Division of Pulmonary and Critical Care Medicine, Mayo Clinic, Rochester, MN.
Division of Pulmonary and Critical Care Medicine, Mayo Clinic, Rochester, MN.
Chest. 2019 Apr;155(4):e79-e82. doi: 10.1016/j.chest.2018.12.002.

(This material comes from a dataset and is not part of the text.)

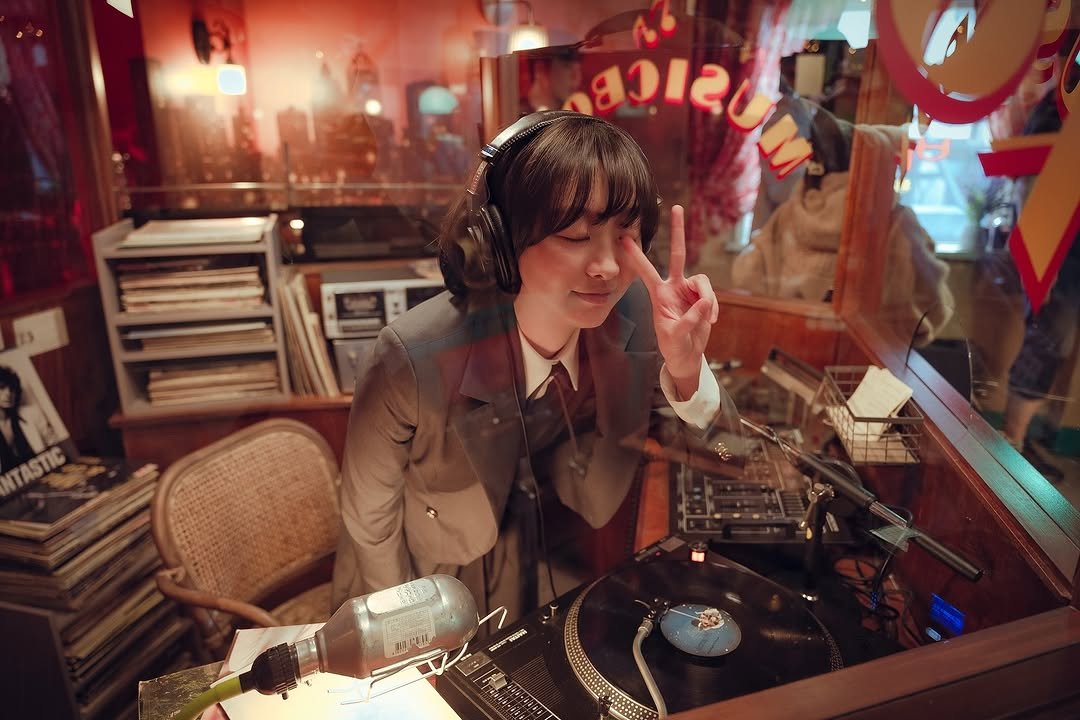 Photo by KIM DA MI on September 10, 2025. May be an image of 1 person, record player, record, stereo, telephone and text.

Immune checkpoint inhibitors have revolutionized cancer therapy. As the use of checkpoint inhibitors becomes widespread, the early recognition and treatment of their unique spectrum of adverse effects, called immune-related adverse events, become critical. Perhaps the most significant of these is the pulmonary toxicity currently described as "pneumonitis." However, little is known about the effects of immune checkpoint inhibitors on preexisting interstitial lung disease. We present a case of subclinical hypersensitivity pneumonitis that was exacerbated by pembrolizumab, a programmed cell death-1 inhibitor. This case illustrates a new immune-related adverse event and suggests that exacerbation of preexisting interstitial lung disease is a potential pulmonary toxicity from immune checkpoint inhibitor therapy.
免疫检查点抑制剂改变了癌症治疗格局。随着检查点抑制剂的广泛应用,早期识别和治疗其独特的不良反应谱(称为免疫相关不良反应)变得至关重要。其中最重要的可能是目前被描述为“肺炎”的肺毒性。然而,对于免疫检查点抑制剂对先前存在的间质性肺病的影响知之甚少。我们报告了一例程序性细胞死亡-1 抑制剂帕博利珠单抗治疗导致的亚临床型过敏性肺炎病例。该病例说明了一种新的免疫相关不良反应,并提示免疫检查点抑制剂治疗可能会加重先前存在的间质性肺病。